While everyone around the Miami Marlins has been eager for a first spring look at vaunted pitching prospect Jose Fernandez, Rob Brantly made sure he had a front-row seat.
Brantly used his leverage as the likely starting catcher to ensure he caught Fernandez's first bullpen session Tuesday. When Fernandez stepped on the mound with his group to throw, Brantly moved down the row of catchers to take the place opposite the young Cuban right-hander.
"The kid was Pitcher of the Year for a reason," Brantly said after the 10-minute session. "He came in under control. Ninety-nine percent of the pitches he threw were at my knees or right below it -- where you want it to be.
"He looks like a big-leaguer."
At 19, Fernandez is getting his first taste of a big-league camp. He appeared as comfortable on his first day as he was last season with the Class A Jupiter Hammerheads, where he was 7-1 with a 1.96 ERA.

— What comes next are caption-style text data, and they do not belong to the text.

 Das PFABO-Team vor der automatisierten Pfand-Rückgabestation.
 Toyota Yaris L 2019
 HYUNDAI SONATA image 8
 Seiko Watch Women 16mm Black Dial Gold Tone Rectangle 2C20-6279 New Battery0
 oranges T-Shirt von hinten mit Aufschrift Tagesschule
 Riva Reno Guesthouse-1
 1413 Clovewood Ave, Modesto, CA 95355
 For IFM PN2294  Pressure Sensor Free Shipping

Asked if he is ready for the next step, Fernandez said, "Big time. I've been ready. I've been waiting for big things all my life. That's what I came to the United States for, to pitch in the big leagues. It's a great feeling being this close."
Fernandez spent most of the session working on a changeup he is trying to add to his repertoire. Perfecting the changeup to go with a fastball that touches 98 mph and an effective curveball could hasten his arrival with the Marlins. He is expected to open the season at Double-A Jacksonville.
"His arm speed is consistent with all his pitches. It was real good. It was a solid bullpen," Brantly said.
Manager Mike Redmond, a former catcher, also was impressed.
"I tried to back off to the side a little bit. I didn't want to stand behind him and get him too amped up, but I was watching him," Redmond said. "He's very confident. He's got good stuff, you can tell. He has that great mound presence of a great pitcher."
Redmond recalled catching Josh Beckett's first bullpen session the spring after the right-hander was a first-round draft choice out of high school.
"I remember being impressed by his changeup. For a high school kid, he was so polished," Redmond said. "It was like, man, that's the best changeup I've ever seen from a high school guy. Then he threw a heater and hit me on the wrist, and I wasn't so impressed any more."
Fernandez is the Marlins' most highly touted pitching prospect since Beckett. He exudes a similar degree of confidence to Beckett, who arrived talking about All-Star aspirations and went on to be World Series MVP for the Marlins in 2003.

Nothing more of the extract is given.